(Crawled caption data)
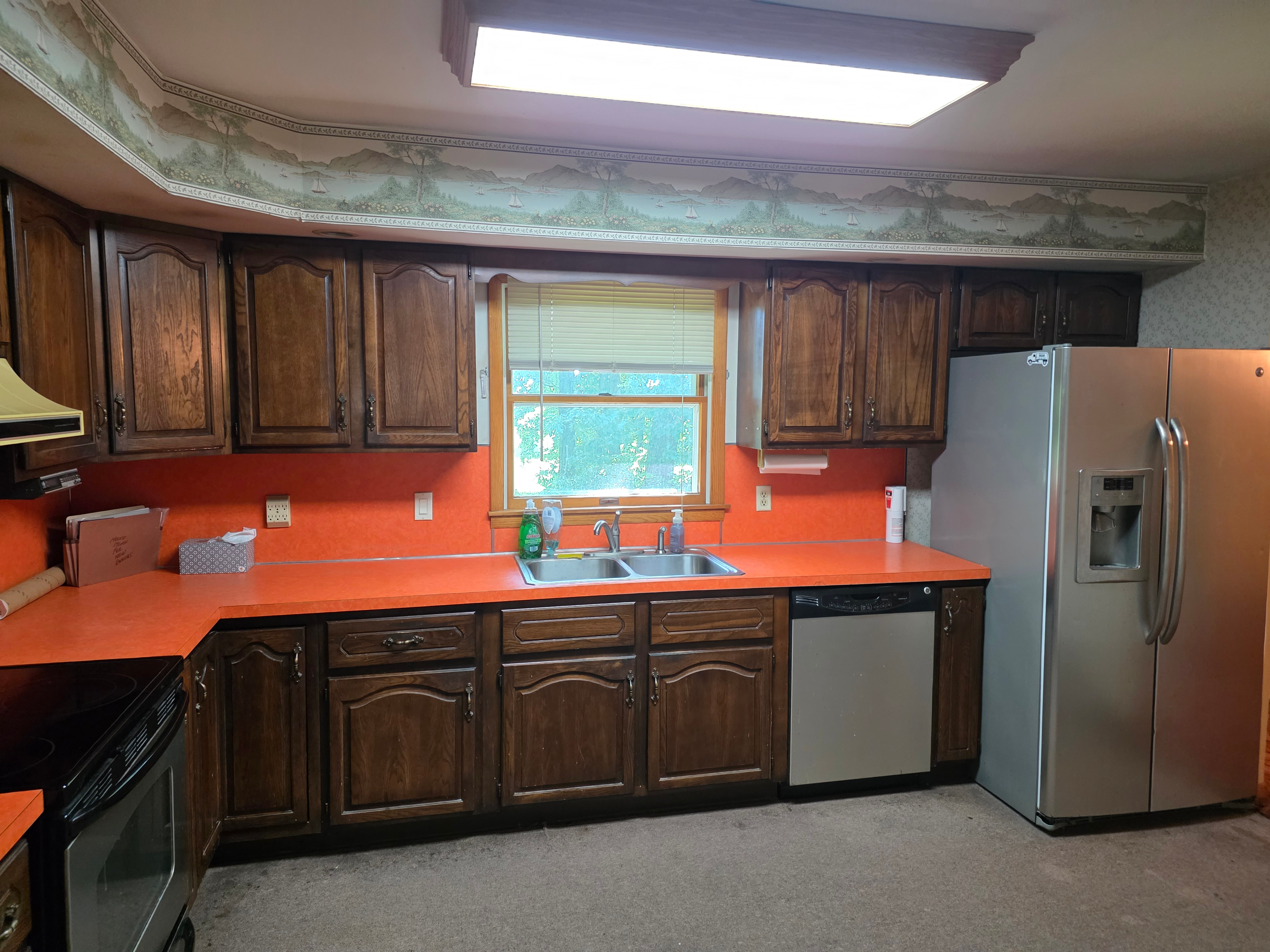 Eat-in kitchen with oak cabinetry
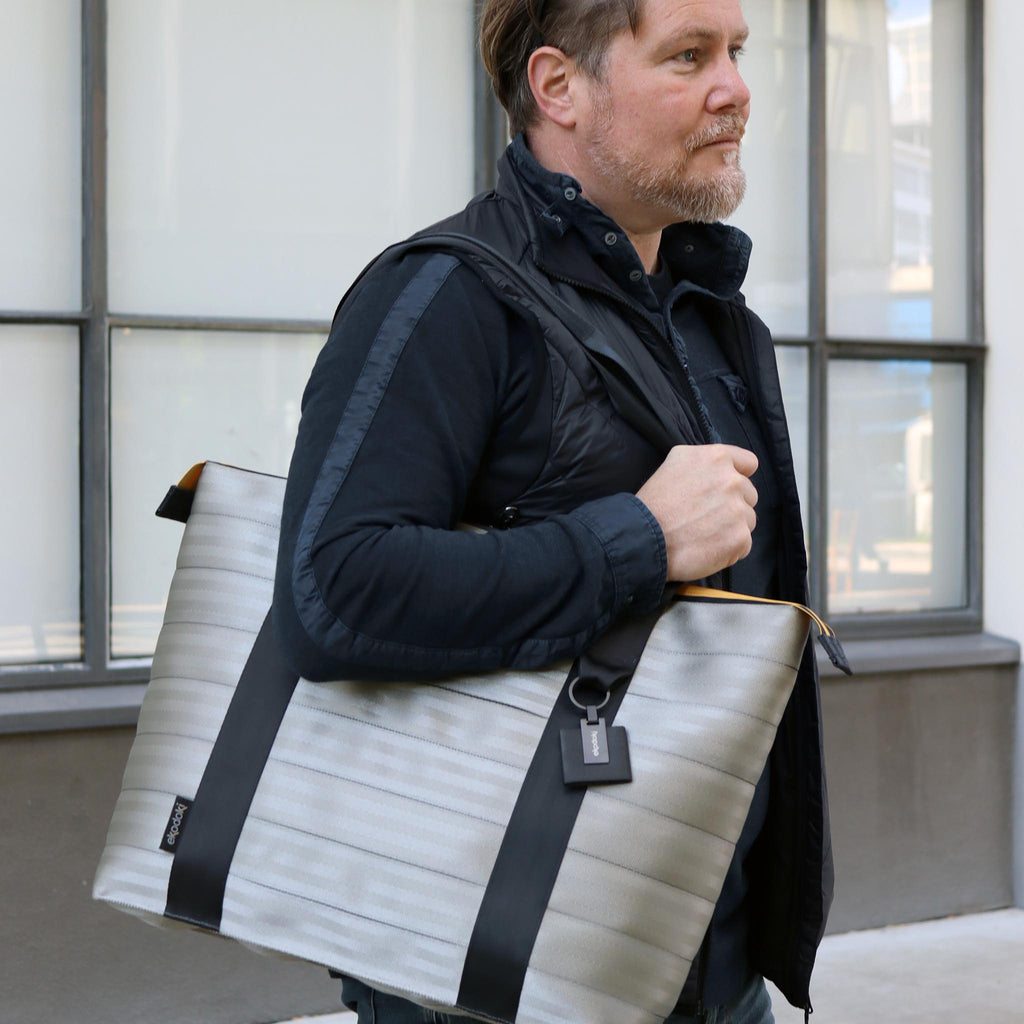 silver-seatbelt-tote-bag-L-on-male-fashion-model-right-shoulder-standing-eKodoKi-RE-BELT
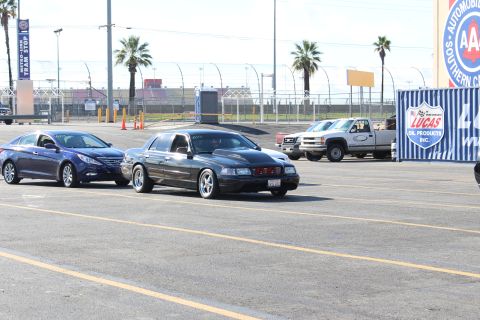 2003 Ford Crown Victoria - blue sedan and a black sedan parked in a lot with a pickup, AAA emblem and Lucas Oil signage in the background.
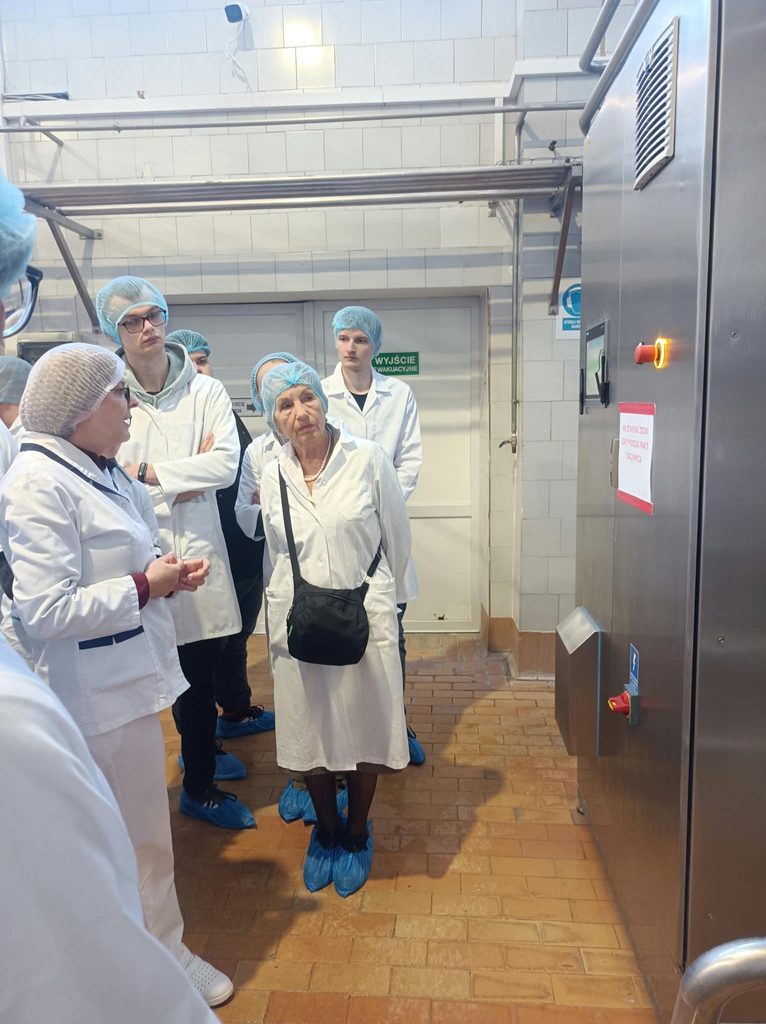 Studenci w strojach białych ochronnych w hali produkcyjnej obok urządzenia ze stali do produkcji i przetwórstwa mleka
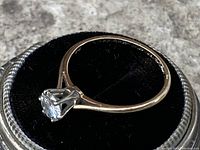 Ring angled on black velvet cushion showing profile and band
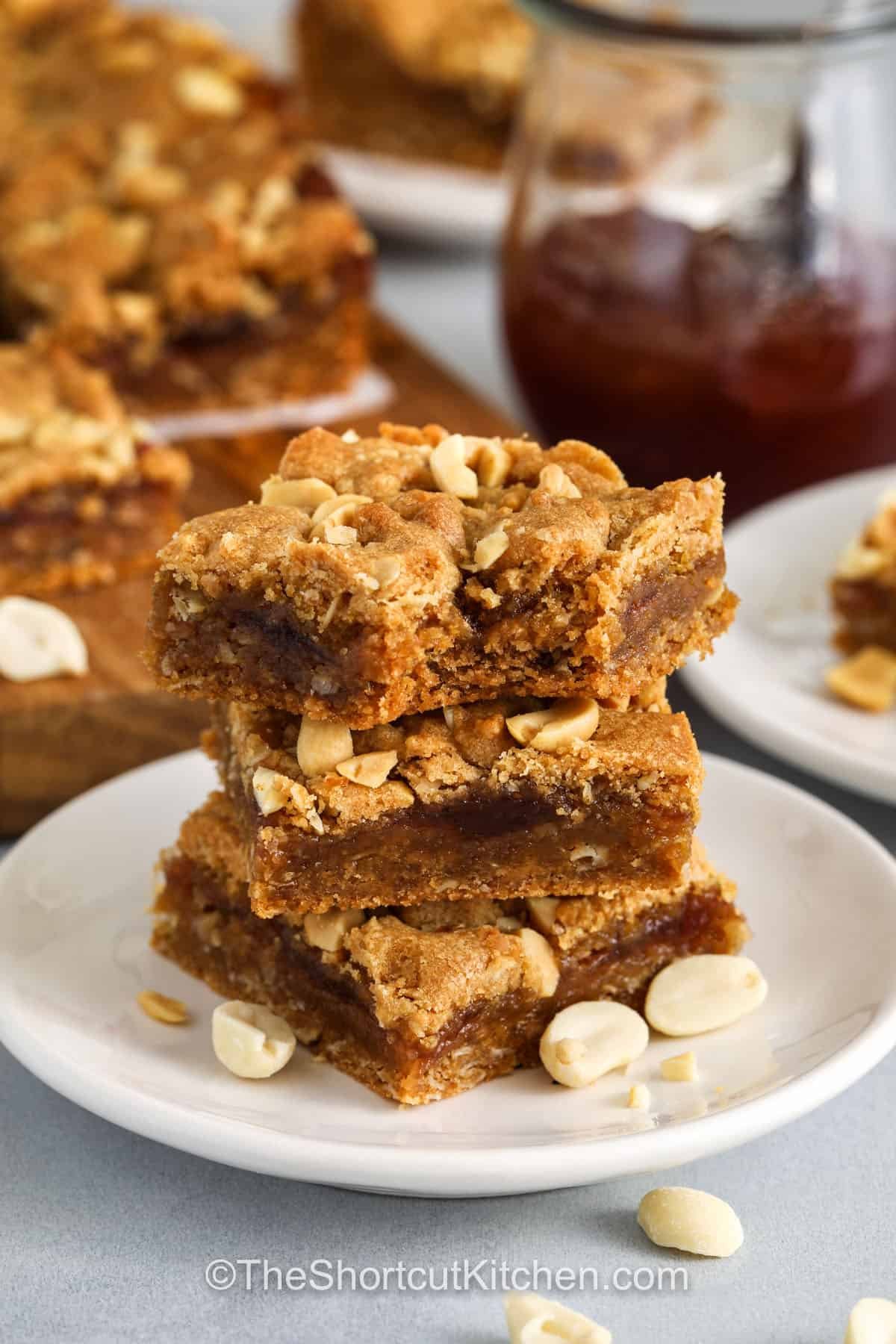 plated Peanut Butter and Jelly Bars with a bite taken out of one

What you are asked to do: All of the entries above are to be transcribed word for word, with no pictures included.

Solution to this task:
 Eat-in kitchen with oak cabinetry
 silver-seatbelt-tote-bag-L-on-male-fashion-model-right-shoulder-standing-eKodoKi-RE-BELT
 2003 Ford Crown Victoria - blue sedan and a black sedan parked in a lot with a pickup, AAA emblem and Lucas Oil signage in the background.
 Studenci w strojach białych ochronnych w hali produkcyjnej obok urządzenia ze stali do produkcji i przetwórstwa mleka
 Ring angled on black velvet cushion showing profile and band
 plated Peanut Butter and Jelly Bars with a bite taken out of one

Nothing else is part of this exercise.